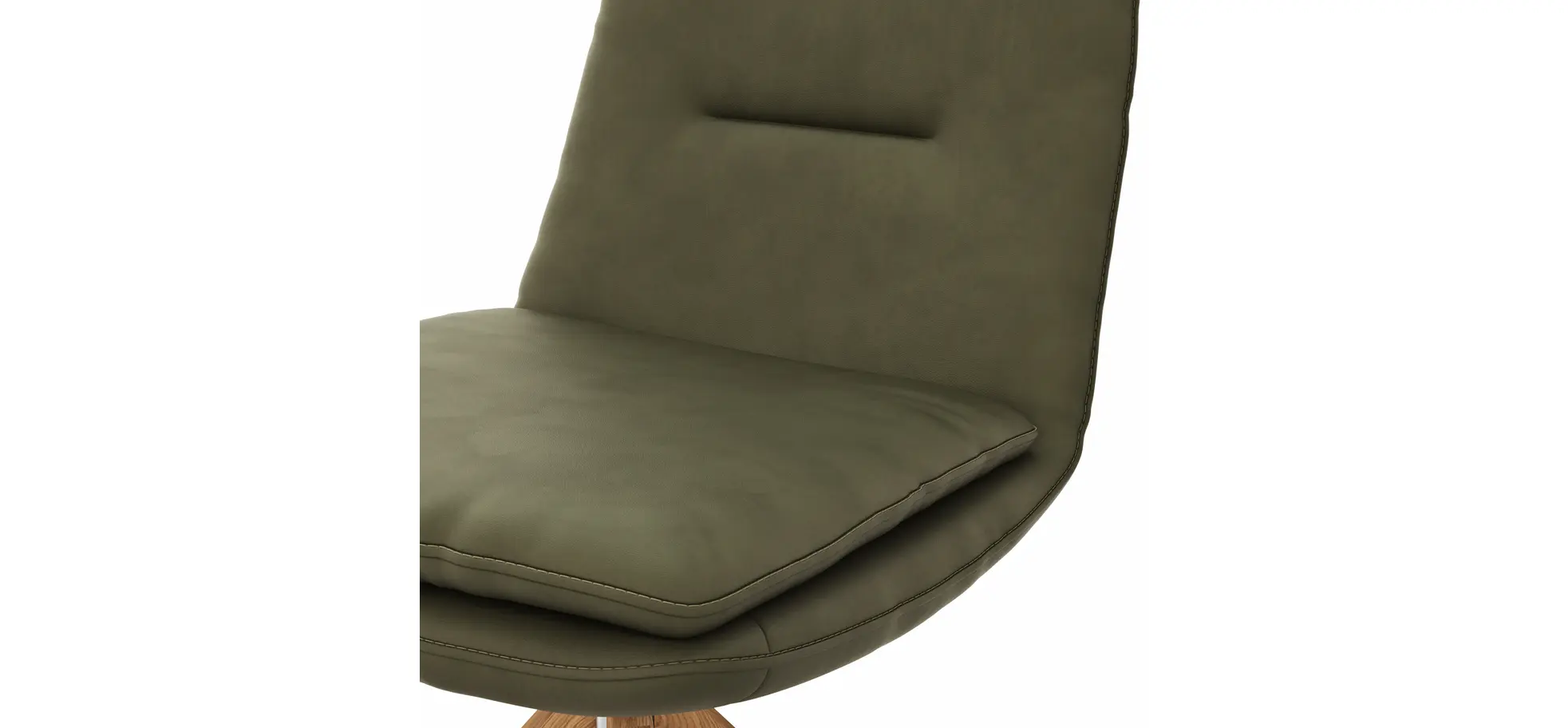 Polsterstuhl Macano - drehbar, Leder, Olive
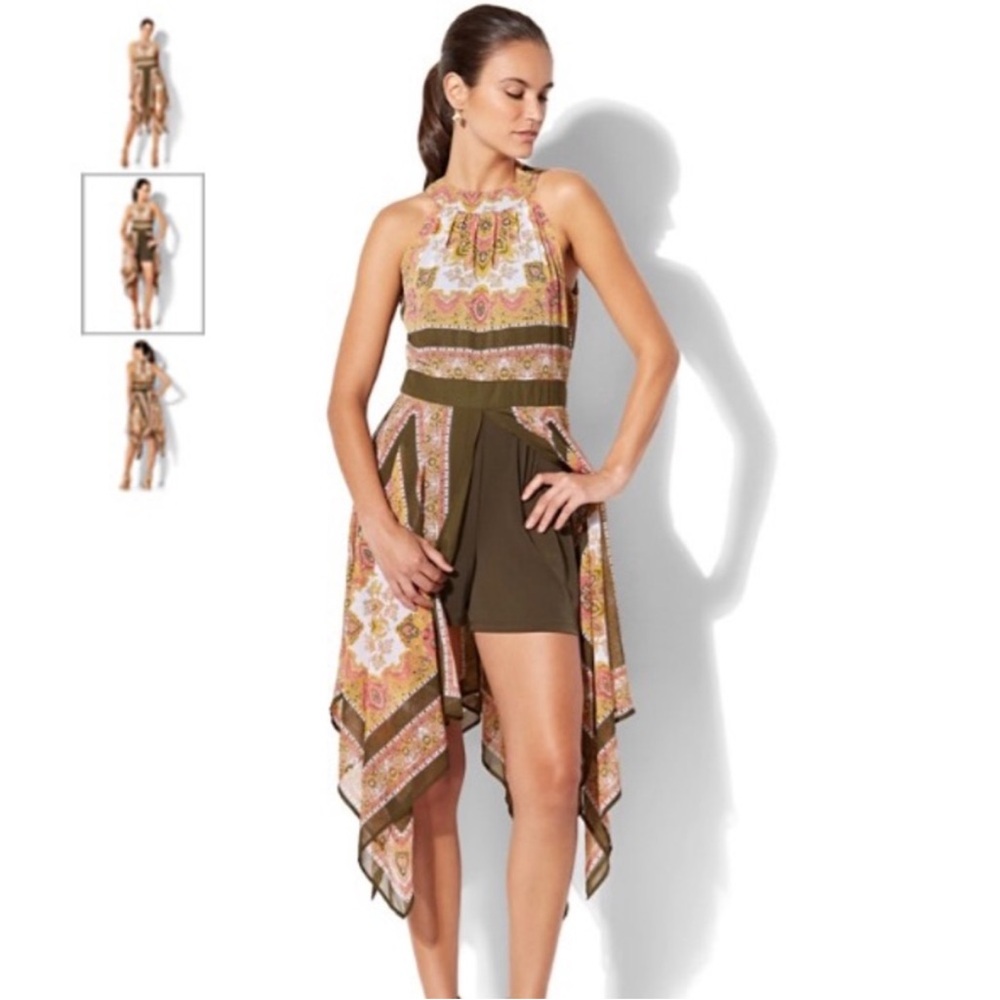 Scarf Hem Halter Dress Romper Size 6 Deep Jungle NY&C New York and Company Olive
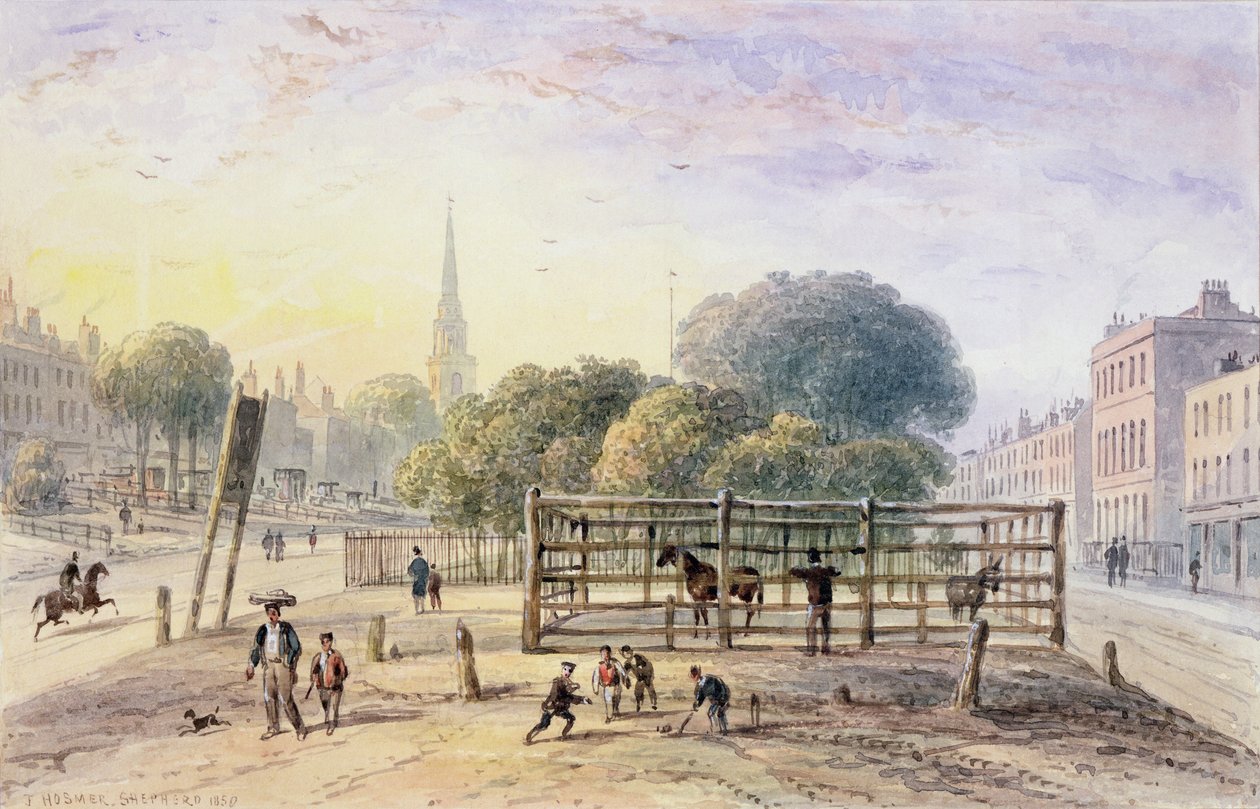 Utsikt over Islington Pound, 1850 av Thomas Hosmer Shepherd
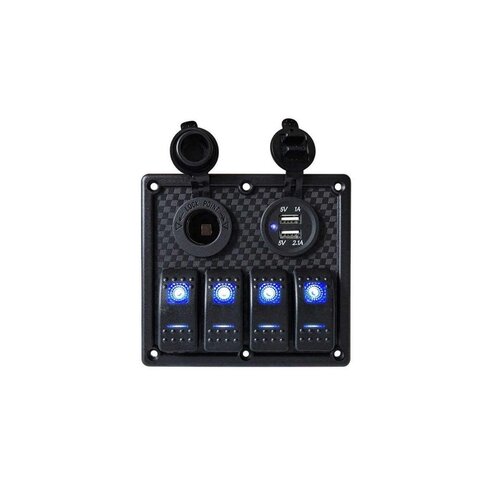 12V/24V LED switch panel with 12V and double USB connection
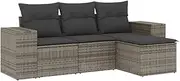 vidaXL Garden Sofa Set with Cushions - Modular Grey Rattan Outdoor Furniture for Patio/Backyard - 4 Piece Lounge Seating with Removable Covers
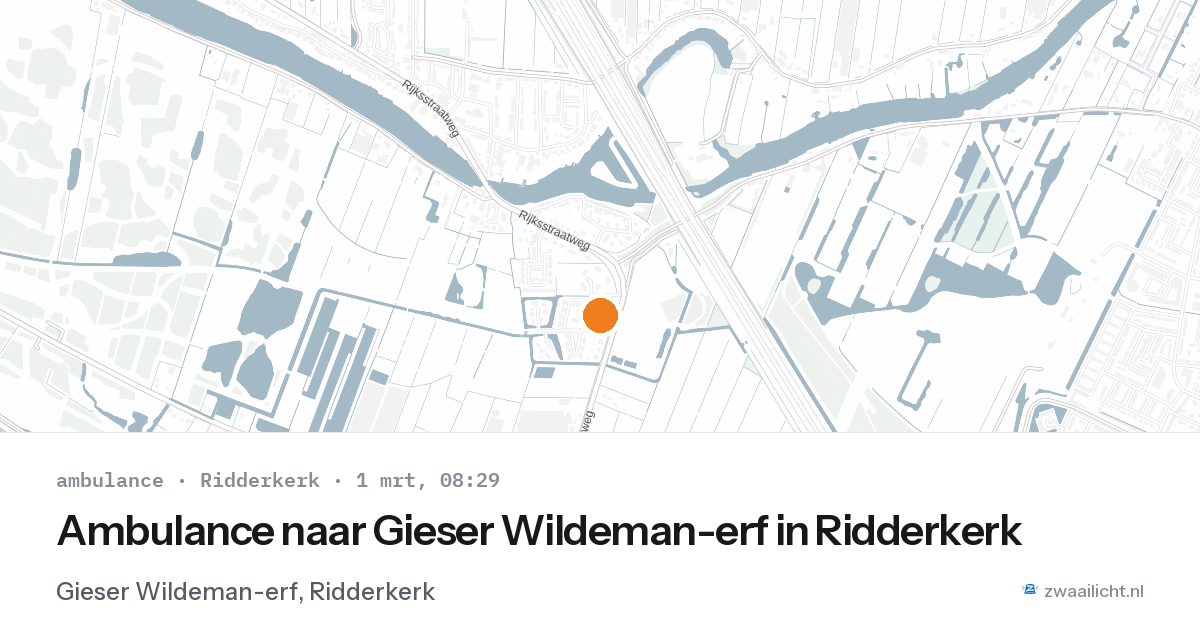 Ambulance naar Gieser Wildeman-erf in Ridderkerk — 1 mrt 2026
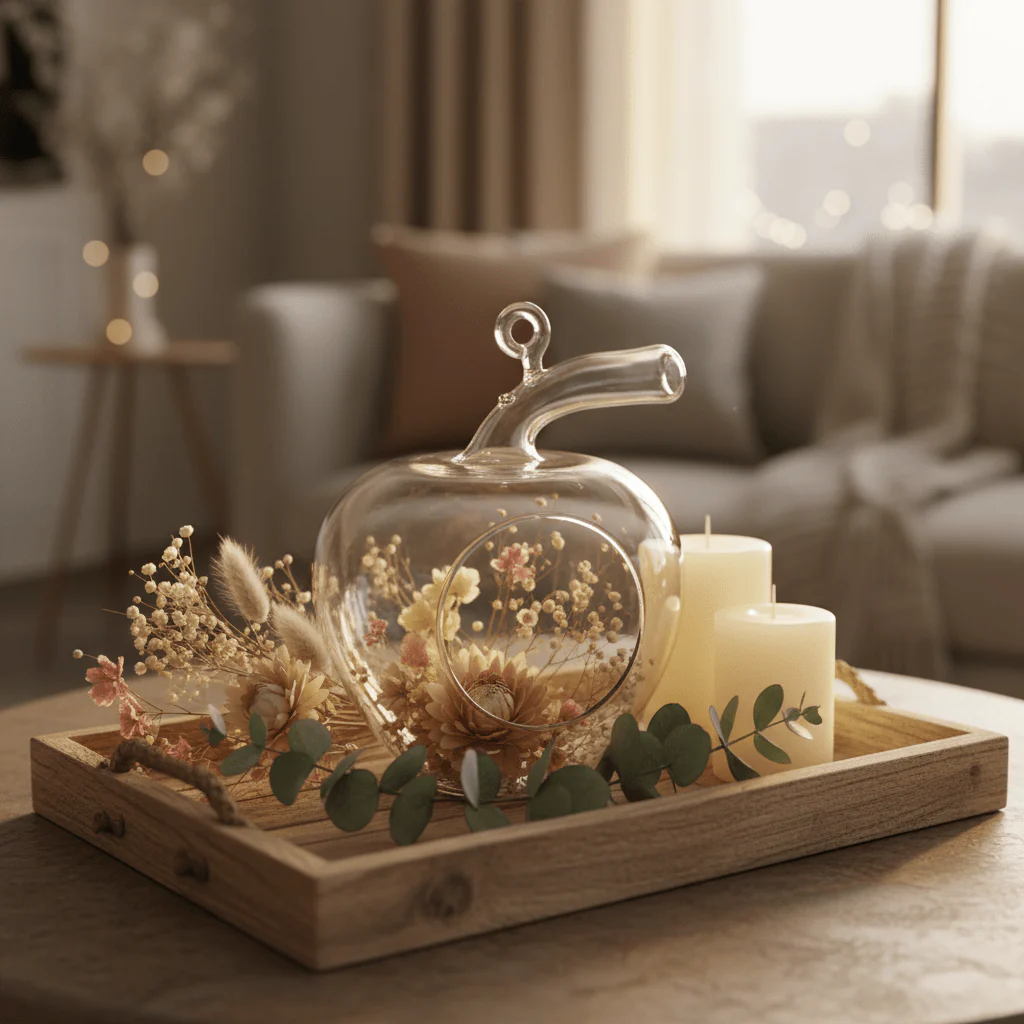 Glass Nest Apple Décor – 15cm | Transparent Handcrafted Ornament - Image 3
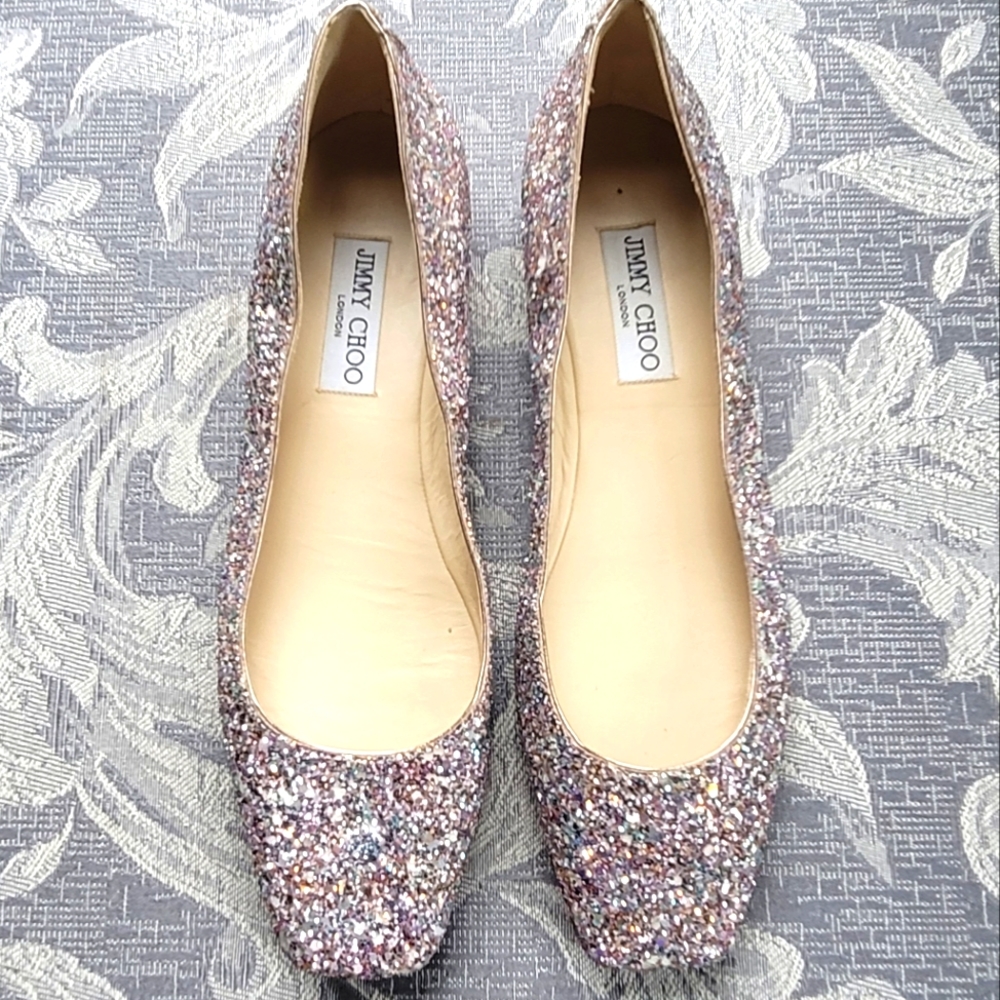 Jimmy Choo Multicolor Glitter Square-Toe Flats - Picture 8 of 15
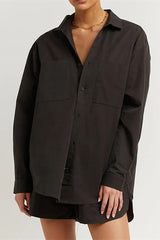 Long Sleeve Blouses Cami Crop Top 3pcs Shorts Set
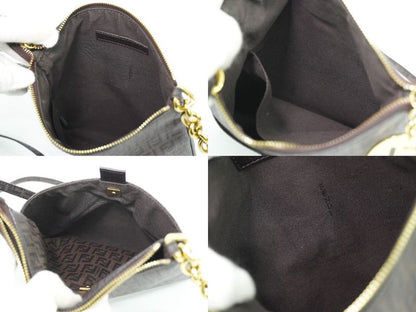 Authentic Fendi Zucchino Shoulder Bag Pochette PVC Brown 8bt150 Zucchino Bag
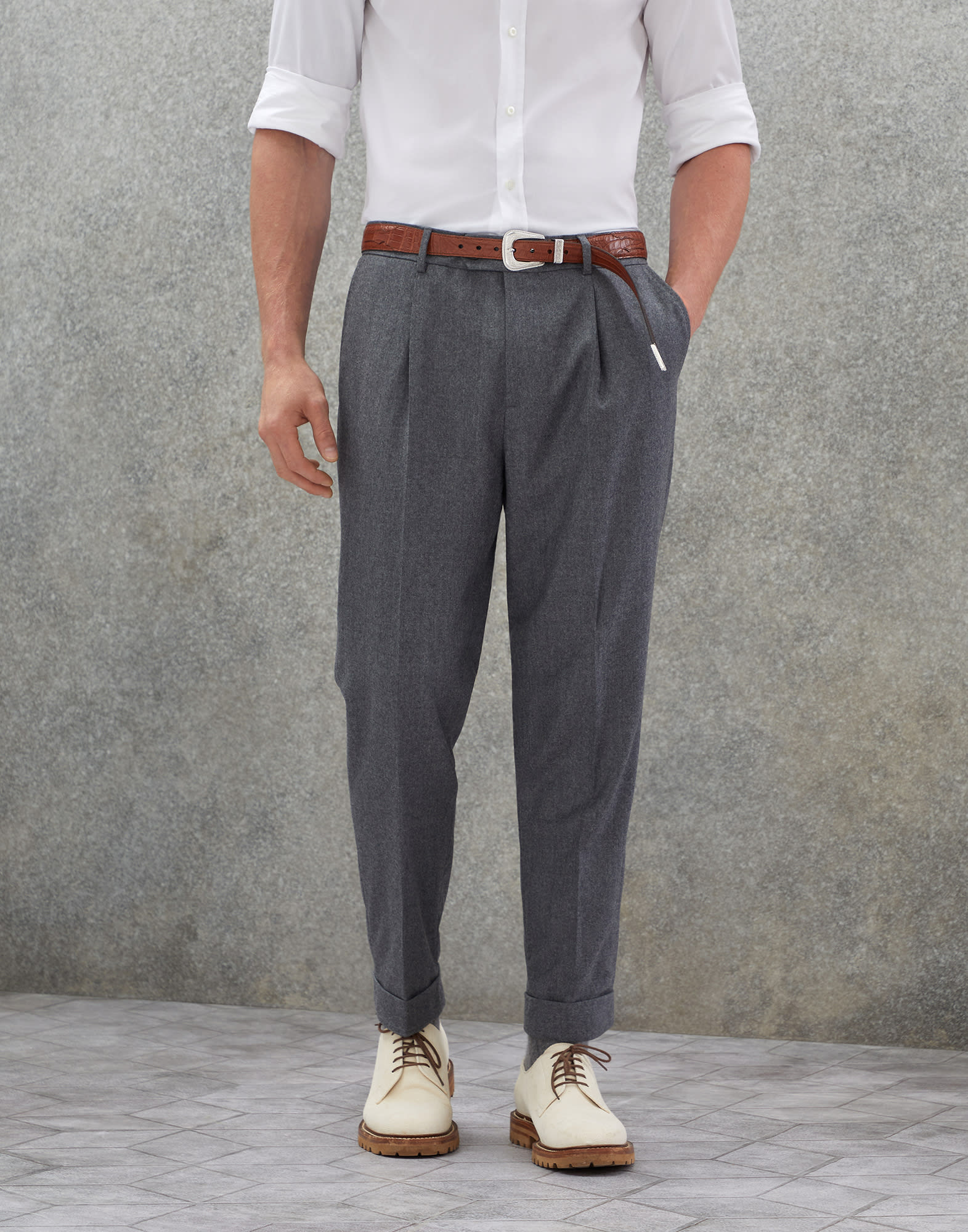 Business Straight Fit Pleated Trousers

**Task prompt**. From the line containing "Ambulance naar Gieser" down to the last line of the entries above, retype each line exactly as it stands, but skip the pictures.

**Task solution**.
 Ambulance naar Gieser Wildeman-erf in Ridderkerk — 1 mrt 2026
 Glass Nest Apple Décor – 15cm | Transparent Handcrafted Ornament - Image 3
 Jimmy Choo Multicolor Glitter Square-Toe Flats - Picture 8 of 15
 Long Sleeve Blouses Cami Crop Top 3pcs Shorts Set
 Authentic Fendi Zucchino Shoulder Bag Pochette PVC Brown 8bt150 Zucchino Bag
 Business Straight Fit Pleated Trousers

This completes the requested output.